Best Ever? Eagles' Lane Johnson Enters The Conversation

   

Best Ever? Eagles' Lane Johnson Enters The Conversation

Best ever?

Offensive line expert Brandon Thorn believes it’s time to start that debate with Eagles All-Pro right tackle Lane Johnson, who is set to begin his 13th season in September after arriving in Philadelphia as the fourth overall pick in the 2013 draft out of Oklahoma.

“Based on last year’s film this is pretty undeniable. We should start having the conversation about Lane being the best RT of all time sooner rather than later,” Thorn wrote earlier this month on the X.com platform.

Thorn also noted his post-merger Mount Rushmore of right tackles, which included “Big Bad Jackie” Slater, who starred for nearly two decades for the Los Angeles/St. Louis Rams in a career that ranged from 1976 to 1995, long-time Cincinnati RT Willie Anderson, who bridged the 1990s and 2000s, 1970s stalwart Ron Yary, a seven-time All-Pro in Minnesota who arrived as the No. 1 overall pick out of Southern California in 1968, as well as Johnson.

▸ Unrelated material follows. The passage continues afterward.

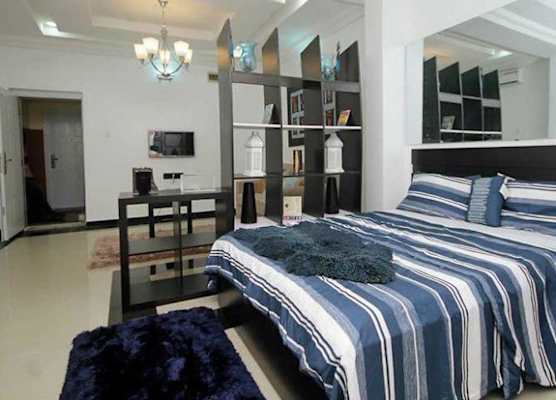 Capital & County Apartment Ikate 1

These conversations that span generations tend to be exercises in futility and somewhat irrelevant, especially in a sport like professional football, which has changed so much over the years.

What Yary did at the height of his career 50 years ago doesn’t translate to today’s NFL, and similarly, Johnson’s impact today can’t just be put in the time machine and plopped right into a far more old-school approach.

What can’t be dismissed is that Johnson is one of the best RTs of his generation, and if historians want to bring your name up with the best of other eras, you’re really good.

 

And the best news with Johnson for Eagles’ fans is that the veteran feels better than ever at age 35.

“I’m 35 and I feel like I’m better than when I was 29, 30,” Johnson said earlier this month. “I had the [ankle] surgeries, so the toughest was the games I missed in 2021. You can clearly see on film I was very hindered with my left foot. Now, I feel like I’m getting close to maybe my peak. As weird as it is to say, that’s truly how I feel.”

Fit has also meant everything to Johnson, who landed with an organization that began to emphasize the offensive line heavily when Andy Reid arrived in 1999. Johnson came after Reid but just as Jeff Stoutland took over as the offensive line coach.

“He’s a remarkable person,” Johnson said when discussing Stoutland. “He’s a great teacher, at the end of the day. I know he’s a football coach, but he’s just a great teacher, with football things and outside football. 

“I think he has a brilliant mind and coaching philosophy. I feel he knows how to motivate different personalities and he’s really good at that. And his intensity and passion for the game is what makes him who he is.”

It could have gone differently.

“I thought about what would have happened if I went to Miami. Kansas City [with Reid] wouldn’t have been bad. Jacksonville,” Johnson pondered. “I actually got to talk to coach [Eugene] Chung [at minicamp], he was in the building. He was actually there when Kansas City was interviewing me so he got to see me from day one to now. Very fortunate to land here.”

Chung, currently assisting DeSean Jackson at Delaware State, was with the Chiefs from 2013-2015 before arriving in Philadelphia as Stoutland’s assistant OL coach for four seasons.

“I think the passion of the city and the intensity and how they focus so much on sport, it allows that whatever pressure they put on you, it allows you to be the best player you can be. It’s something you really appreciate over time," Johnson said.